Costa (Azione) annuncia un emendamento
Il caso Maresca e i sette vizi capitali del sistema Giustizia
Porte girevoli e non solo. La vicenda di Catello Maresca, ex pm ed ex candidato a sindaco e ora giudice di Corte d’appello a Campobasso e consigliere comunale a Napoli, alza il velo su uno dei nodi irrisolti della giustizia. Ma non l’unico. «La proposta che farò alle forze politiche è che un caso Maresca non possa più accadere. L’indipendenza deve essere non solo applicata ma anche percepita» assicura la ministra della Giustizia Marta Cartabia.
Intanto la questione resta ed è in discussione da tempo. «La riforma del Csm e dell’ordinamento giudiziario sarà efficace solo se inciderà sui sette vizi capitali del sistema: il correntismo, i passaggi delle funzioni di pm a giudice, disciplinare che fa acqua, magistrati tutti promossi, responsabilità civile senza responsabili, porte girevoli con la politica, una miriade di fuori ruolo» tuona Enrico Costa, deputato di Azione, intervenendo al dibattito politico-giudiziario che si è riacceso all’indomani della decisione del Csm di accogliere la richiesta di Maresca e assegnarlo alla funzione di consigliere della Corte d’appello di Campobasso.
Un dibattito che si era infiammato già nei mesi scorsi, prima dell’ufficializzazione della candidatura a sindaco di Maresca, quando si vociferava che l’ex pm anticamorra avesse ambizioni politiche mentre lui era ancora al lavoro nel suo ufficio di sostituto alla Procura generale di Napoli, e la questione era tutta legata all’opportunità che un magistrato fosse in servizio proprio nella città in cui faceva campagna elettorale. Ora il tema ritorna con gli stessi interrogativi aperti e i vuoti normativi da colmare. «Quanto alla questione delle porte girevoli – continua Costa -, quanto accaduto in questi giorni, con un candidato sindaco che fino a poco prima svolgeva funzioni requirenti nello stesso territorio elettorale e oggi può svolgere (a giorni alterni?) il ruolo di consigliere comunale e di Corte d’appello in contemporanea, dimostra che l’attuale normativa è inefficace per garantire, soprattutto, l’autonomia e l’indipendenza della magistratura, ma anche la fiducia nella stessa». Di qui l’iniziativa: «Se non sarà il Governo con i suoi emendamenti ad intervenire drasticamente, lo faremo noi di Azione, auspicando che le altre forze politiche non cambino posizione solo perché ad essere interessati sono oggi loro esponenti».
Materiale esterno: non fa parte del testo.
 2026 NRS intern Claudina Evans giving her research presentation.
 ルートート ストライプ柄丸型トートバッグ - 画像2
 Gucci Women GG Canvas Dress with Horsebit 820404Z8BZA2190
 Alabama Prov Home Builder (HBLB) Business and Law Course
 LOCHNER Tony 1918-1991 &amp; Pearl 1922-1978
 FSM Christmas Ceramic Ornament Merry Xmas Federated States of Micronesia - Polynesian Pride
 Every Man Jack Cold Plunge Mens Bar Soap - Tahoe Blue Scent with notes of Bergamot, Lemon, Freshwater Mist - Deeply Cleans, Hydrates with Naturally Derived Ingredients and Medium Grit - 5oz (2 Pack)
L’argomento è particolarmente sentito dall’opinione pubblica. La questione relativa al rapporto tra magistratura e politica viaggia di pari passo con quella legata alla logica delle correnti in seno alla categoria delle toghe. Per il giudice Giuliano Castiglia, rappresentante del gruppo Articolo 101 nel direttivo dell’Anm, la riforma va fatta «al più presto». «Se sul piano formale la magistratura è indipendente dal potere politico, come dice la ministra Cartabia, sul piano sostanziale – afferma – l’indipendenza non è adeguata. La ragione è nota e unanimemente denunciata: il correntismo».
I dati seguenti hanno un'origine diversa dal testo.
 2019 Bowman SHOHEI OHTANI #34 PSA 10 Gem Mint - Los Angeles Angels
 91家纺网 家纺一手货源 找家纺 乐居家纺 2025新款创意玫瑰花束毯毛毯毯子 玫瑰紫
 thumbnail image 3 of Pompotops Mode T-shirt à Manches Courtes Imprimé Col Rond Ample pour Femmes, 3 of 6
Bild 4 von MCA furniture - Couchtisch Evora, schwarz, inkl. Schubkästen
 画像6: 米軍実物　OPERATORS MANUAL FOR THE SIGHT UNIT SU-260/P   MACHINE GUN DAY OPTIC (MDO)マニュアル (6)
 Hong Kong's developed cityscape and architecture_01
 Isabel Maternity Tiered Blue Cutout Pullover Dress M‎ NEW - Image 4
«Faccio riferimento – dichiara Castiglia in un’intervista all’Adnkronos – al fatto che tra la politica e i gruppi organizzati interni alla magistratura esistono canali di collegamento attraverso i quali i protagonisti si condizionano reciprocamente. È ovvio – aggiunge – che bisogna distinguere. La politica è un’attività nobilissima, nessuno vuole demonizzarla, è un’arte bellissima, chiamiamola così, anche se le degenerazioni non mancano. Il problema nasce quando l’influenza culturale si trasforma in gestione del potere, nei campi più disparati e, in particolare, nella partecipazione alla distribuzione di incarichi secondo logiche di appartenenza. Le cause di questa degenerazione con effetti gravissimi, allo stato, non sono state ancora affrontate e, tanto meno, rimosse. Non può che essere questo, del resto, il motivo per cui assistiamo a ripetuti appelli, anche al massimo livello, al varo di adeguate riforme».